In the German poem Parzival, he is instead one of Gawain's cousins, named Gaherjet. Der Pleier's Meleranz mentions Gaharet (also rendered as Kaheret in his Tandareis and Flordibel), a son of Arthur's sister Anthonje and the unnamed King of Gritenland, as one of the cousins of Gawain (Gawan), along with the protagonist Meleranz. As Karjet (Karyet), he appears in Lanzelet, helping Lancelot rescue Guinevere from the abduction by King Valerin.

French cyclical prose and foreign adaptations
The Lancelot-Grail (Vulgate Cycle) of the early 13th century is the first known work to feature Gaheris as a major character. In the prose Lancelot, Gaheris is described as valiant, agile, and handsome (even as "his right arm was longer than the left"), but reticent in speech and prone to excess when angered. As such, he "was the least well-spoken of all his peers." Nevertheless, it tells how the nobles of the kingdom of Orkney (Orcanie), which his father King Lot had ruled when he was alive, attempt to have the kingdom given to Gaheris, whom they thought better fitted to be their king than any of his brothers (Gaheris, however, refuses to be crowned until at least after the end of the quest of the Holy Grail). The prose Merlin, too, describes him as the best warrior among Gawain's brothers and at least equal to Gawain himself. 

The teenage Gaheris, together with Gawain and Agravain, defects from Lot and aids Arthur in the early wars against the rebels kings as well as the Saxons (substituted by the Saracens in some English versions such as Arthour and Merlin), especially distinguishing himself in fighting against the latter. Following their early battlefield feats, all three of them are knighted at once by Arthur in the Vulgate Cycle, however Gaheris is the first of the Orkney clan to be knighted in the later rewrite known as the Post-Vulgate Cycle. In the Post-Vulgate Merlin, when Gaheris is given flowers sent by the Queen of the Fairy Isle, it is prophesied that he would surpass in goodness and valor all the Knights of the Round Table save for two (presumably Galahad and Lancelot) were it not for the death of his mother, which Gaheris is destined to cause through his sin. The young knight then sets out in the quest to save Gawain and Morholt, during which he is twice attacked by his envious brother Agravain but soundly defeats him on each occasion. He eventually rescues both Gawain and Morholt, later accompanying the latter to Ireland.

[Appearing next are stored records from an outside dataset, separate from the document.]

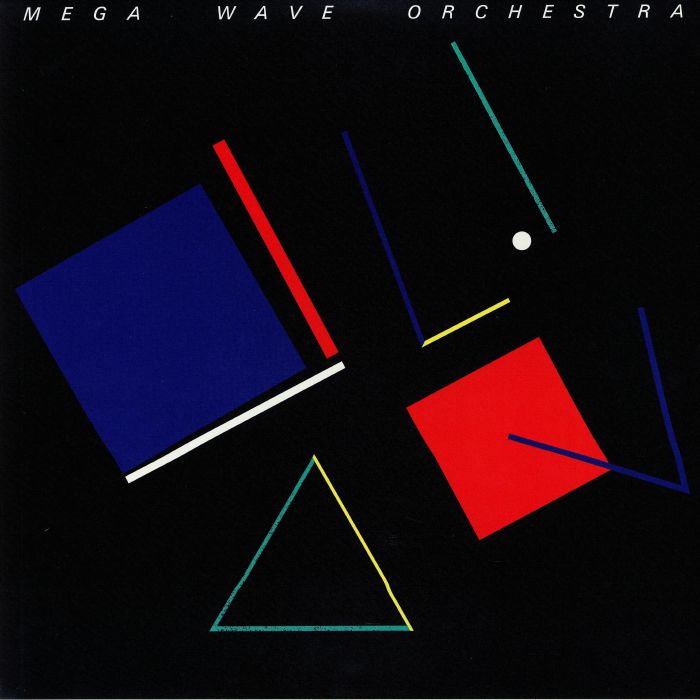 MEGA WAVE ORCHESTRA - Mega Wave Orchestra (remastered) vinyl sleeve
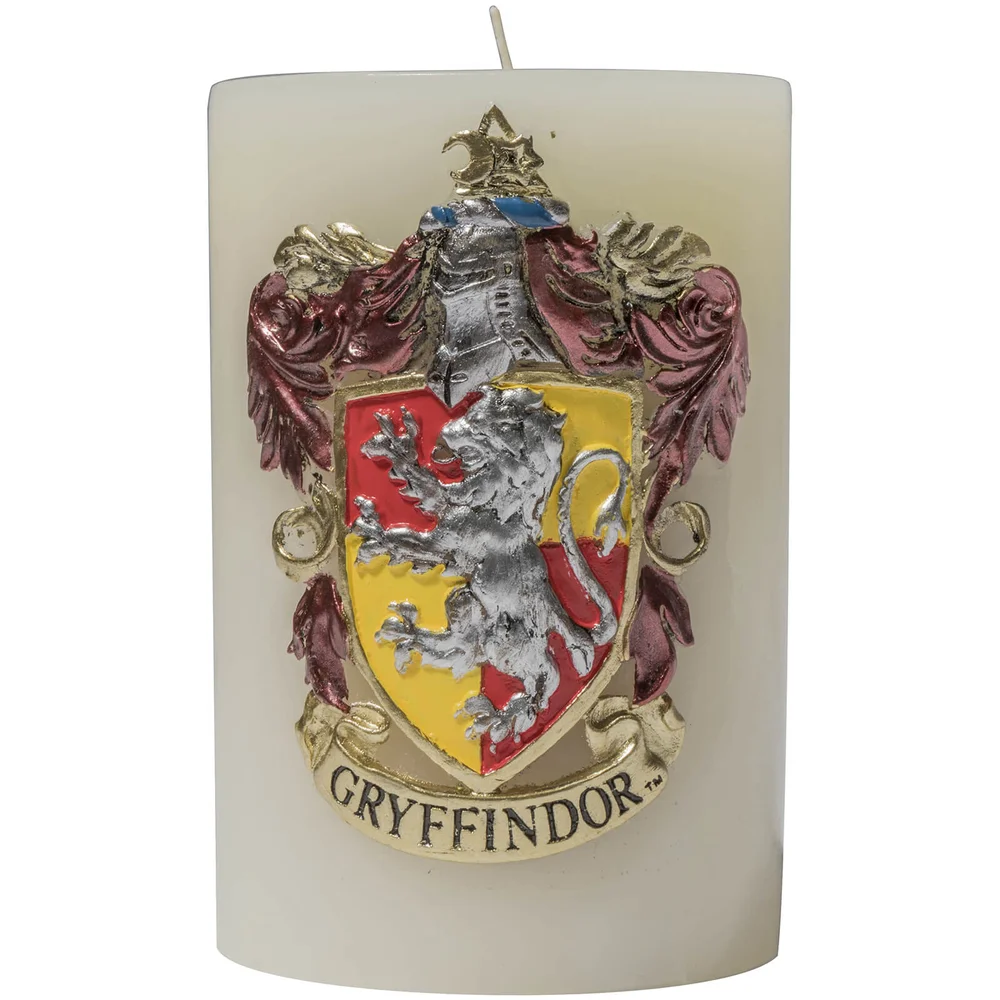 Harry Potter Sculpted Insignia Candle - Gryffindor Afbeelding 1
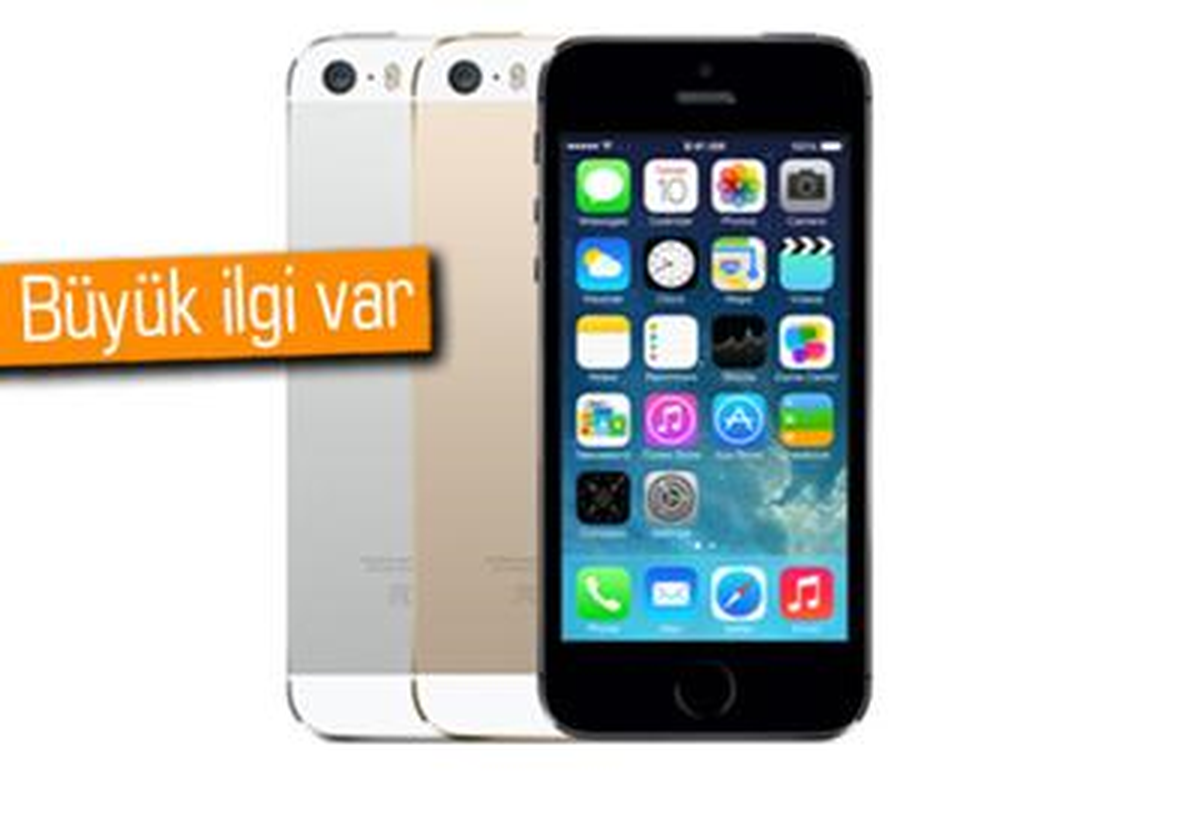 İphone 5s, 1 Gün İçinde Tükendi, Ekim Ayına Kadar Yok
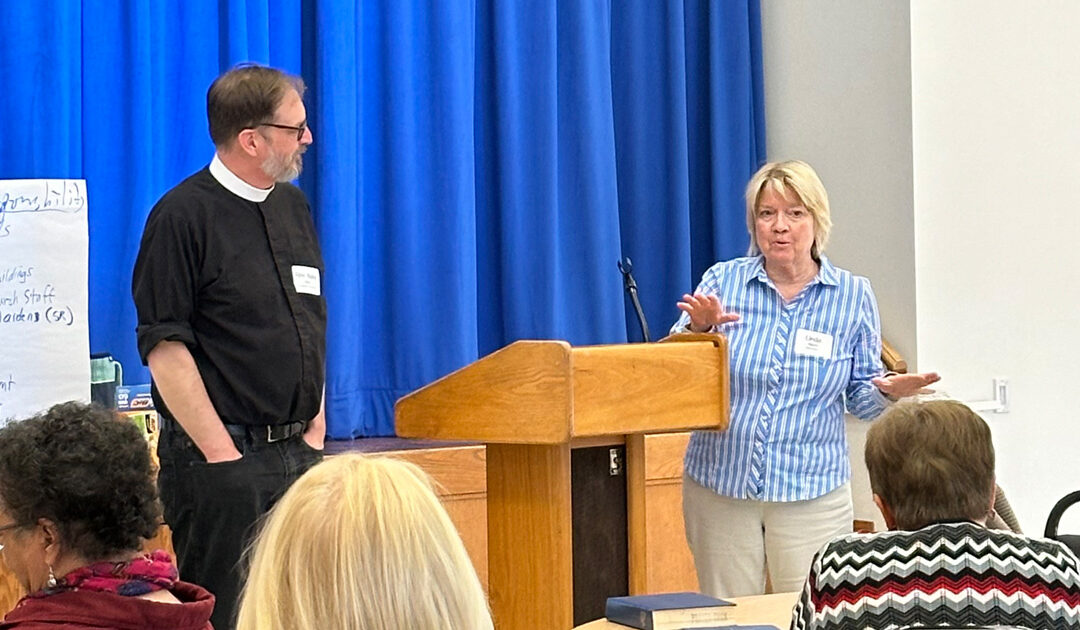 Bloy House, Deanery 6 join together in pilot program to train lay ministers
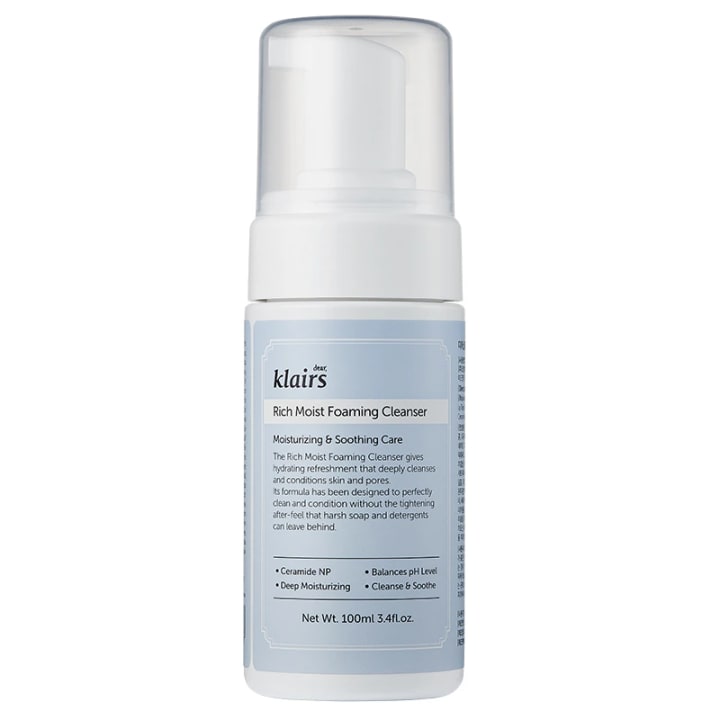 Klairs Rich Moist Foaming Cleanser 100 ml Klairs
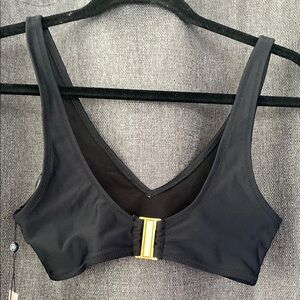 Missguided+ Black Seamless Bra with Racerback Design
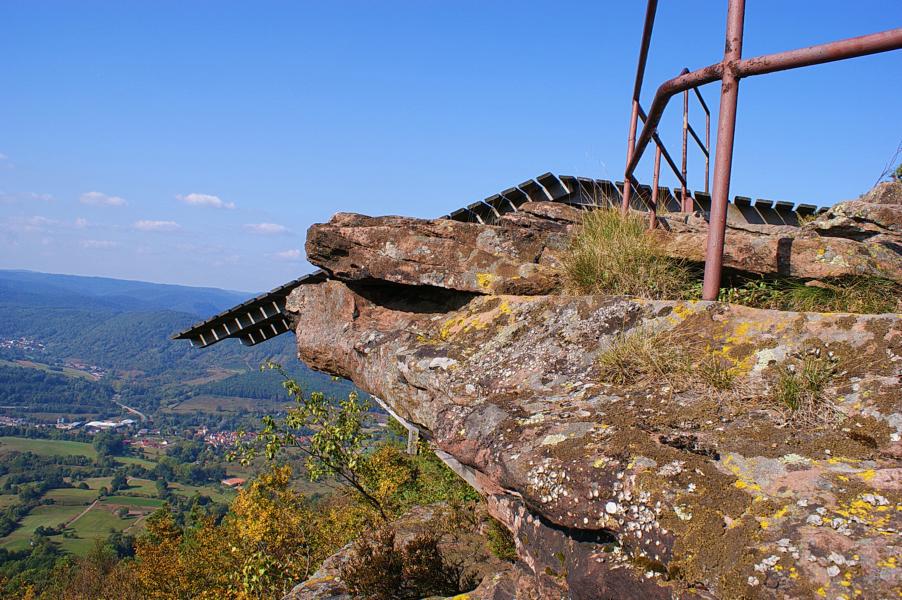 Drachenfliegersprungschanze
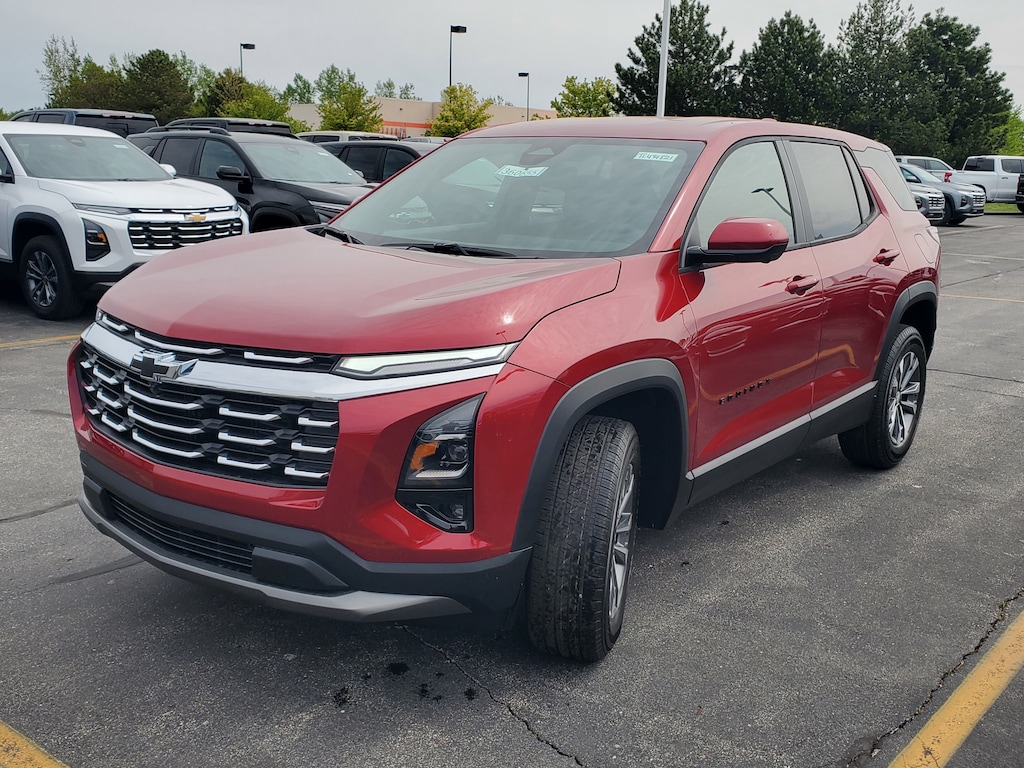 New 2026 Chevrolet Equinox LT SUV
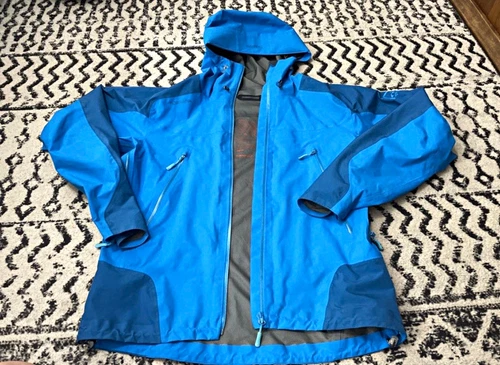 Norrøna Falketind GTX Pro Gore-Tex Hooded Waterproof Shell Jacket Women’s L - product listing photo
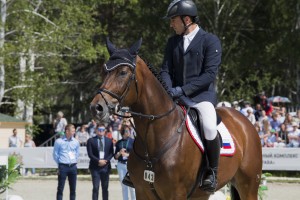 Соревнования по конкуру на Кубок Ельцина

Through the prose cycles, Gaheris then fights in Arthur's further wars against various enemies. He also often participates in his elder brother Gawain's chivalric adventures, in addition to these of his own such as his rescue of King Bagdemagus. Some of these episodes are retold in Thomas Malory's compilation Le Morte d'Arthur, where Gaheris (also written as Gaherys or Gaheryes) is at first a squire to Gawain, whose fiery temper he helps moderate during their adventures, prior to being knighted himself. Gaheris later marries the haughty damsel Lynette, a sister of his younger brother Gareth's wife Lyonors. The Lancelot and the Mort Artu (Death of Arthur) sections of the Lancelot-Grail cycle differ in their characterisation of Gaheris in relation to Gawain. In the Lancelot, their youngest full brother Gareth is Gawain's most cherished sibling. In the Mort Artu, it is instead Gaheris and his death anguishes Gawain profoundly.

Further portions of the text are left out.